The Wildlife House above was seen back in July in a wood at Pensthopre Nature Reserve in Norfolk. Notice the holes drilled into the logs for insects to crawl into or even lay eggs. I wonder how many species were in there at the time and how many more are in there at this moment. Much simpler versions can be made. You could take a handful of canes, cut them into small lengths and tie them together with twine or string and hang it up or tuck it in a sheltered spot. You could also make holes in a a few logs and put them in a corner.

Most of us delight in seeing these guys above fly around in the summer months – except my daughter after a toddler experience in a butterfly house! By providing winter homes for wildlife we are increasing the chances of this in our own areas. Ladybirds and bees too will appreciate a winter residence. Is it too late to build one? Well, perhaps not… where I am the ground isn’t frozen over. In my garden I have a rule that it is better to do some work late than not at all. But that’s just me.

My trip to Pensthorpe last July gave so many wonderful photo opportunities, including the butterflies above. I have been holding on to this last image of our summer visit. Oh no… it wasn’t taken in Piet’s garden but instead on a woodland walk around one of the lakes. In fact it’s not that far away from the home for wildlife shown above. This was one of the last looks over my shoulder as we left this area.

Unexpected drifts of plants winding through the trees. Soft grasses with tall golden daisy head flowers - some in the shade of the trees and others with stripes of sunshine across them. Just lovely! Yes… I do enjoy seeing birds and wildlife but plants will always be my first love – especially in woodland walks.

This was a photo reminder of how keeping a hedge regularly trimmed gives you more room inside the garden and pushes it right out into the background allowing our eyes to see the other plants instead. If you look closely you can see that we were trimming it at the time. The hedge then becomes a backdrop and a wind break – and hopefully not a nuisance to your neighbour too. We trim our Leylandii hedge in August.

You can also see how close my bird table (and other feeders further along) is to my hedge. The birds are spending a lot of time in this hedge just now especially in the mornings. They pop out quickly to get food and back in again. The Sparrowhawk is still regularly popping by and over the weekend I saw it fly in and through this gap missing the bird table and the fairly large and wide bamboo planted to give the birds some protection.

In this tiny space the Sparrowhawk caught a bird sitting on a feeder less than a foot from the safety of the hedge. It was so quick. It dropped immediately to my lawn with the bird. I’m not certain but I am taking a guess, by the colouring of the head, that it was one of the Siskins that has been visiting recently. I stood up to see and it flew off with its catch.

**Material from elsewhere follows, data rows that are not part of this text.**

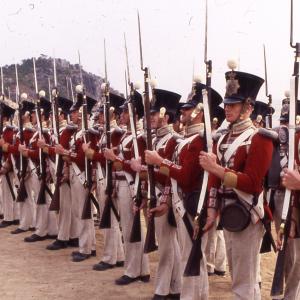 Members of the Cheshire Regiment paying the 26th Foot Cameronians Drill instructorParade director Tim Pickles TaiPan 1986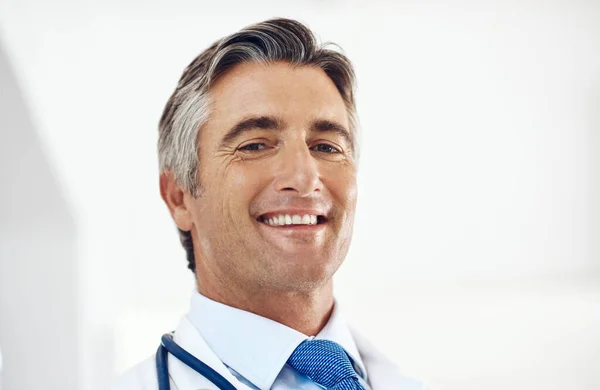 命を救うと笑顔になる 病院に立つハンサムな成熟した男性医師のトリミングされた肖像画 — ストック写真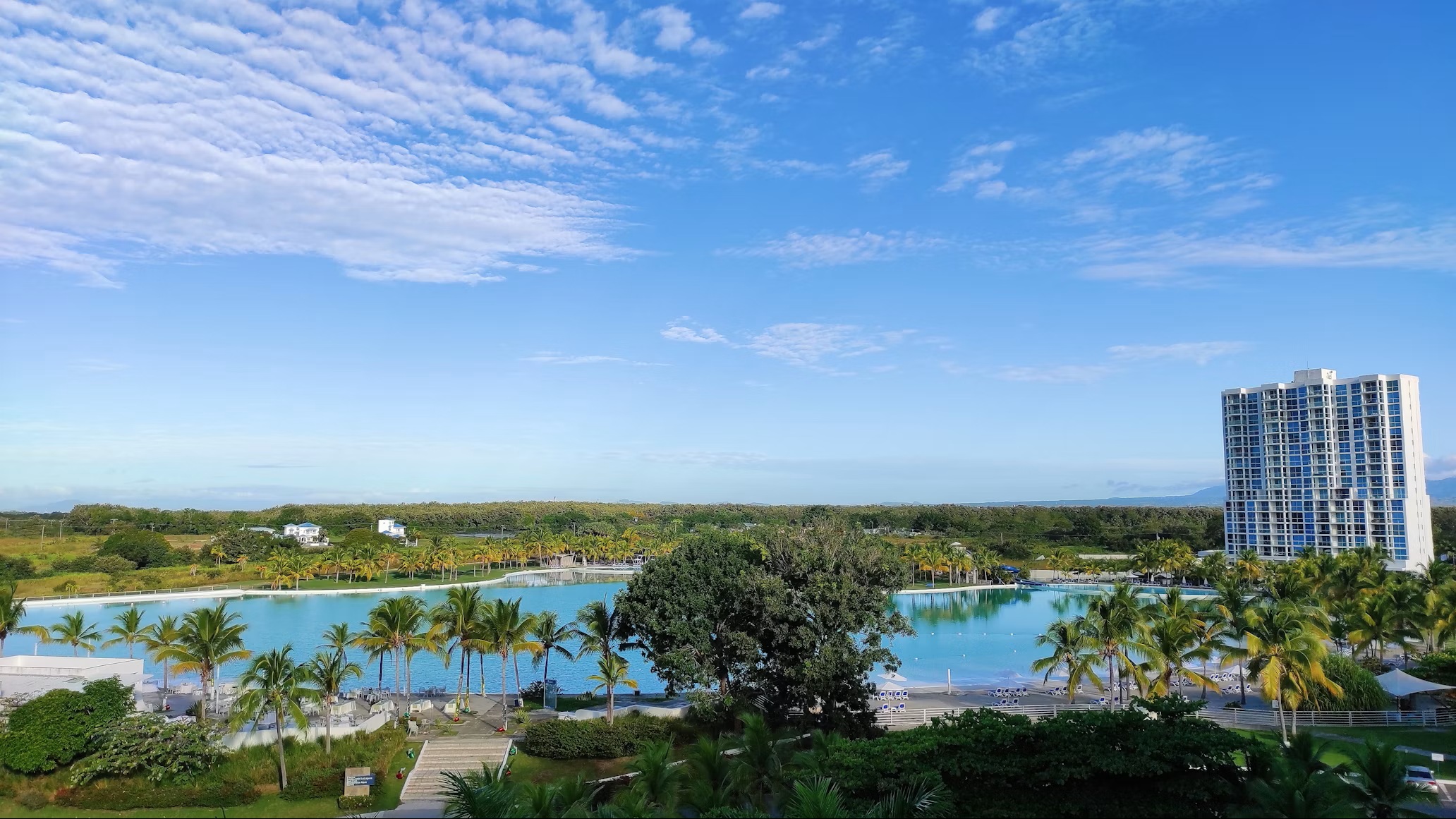 From above: a turquoise lagoon ringed by palms, a tall residential tower to the right, the plain and the hills beyond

When I first saw this happen in my garden I felt sick at the thought. However, I have to say I do find watching the flight of this bird, around the obstacles I have put in its way, quite fascinating! Yes, I know it has to eat to survive too just like the birds that come to my garden. I would just like to make a request that it moves on to other gardens now. I’d like to keep the Siskins a little while longer if you don’t mind. Numbers of Greenfinches are increasing now too. Yes… Mrs Sparrowhawk, please keep flying on by next time!

The Dunnock, being more a ground feeder bird, should be less likely to get caught by a Sparrowhawk. But… in my garden, even with food on the ground for them, they can be seen feeding from my bird table and fat feeders. It also uses the feeder hidden in my small domed Acer tree. Instead of jumping up from the ground it does the same as many other smaller birds. It lands on the top branches of the tree and bounces through them down to the food. So this was a photo reminder to say that although some birds are said to behave in certain ways from what I see in my garden they also adapt by watching others.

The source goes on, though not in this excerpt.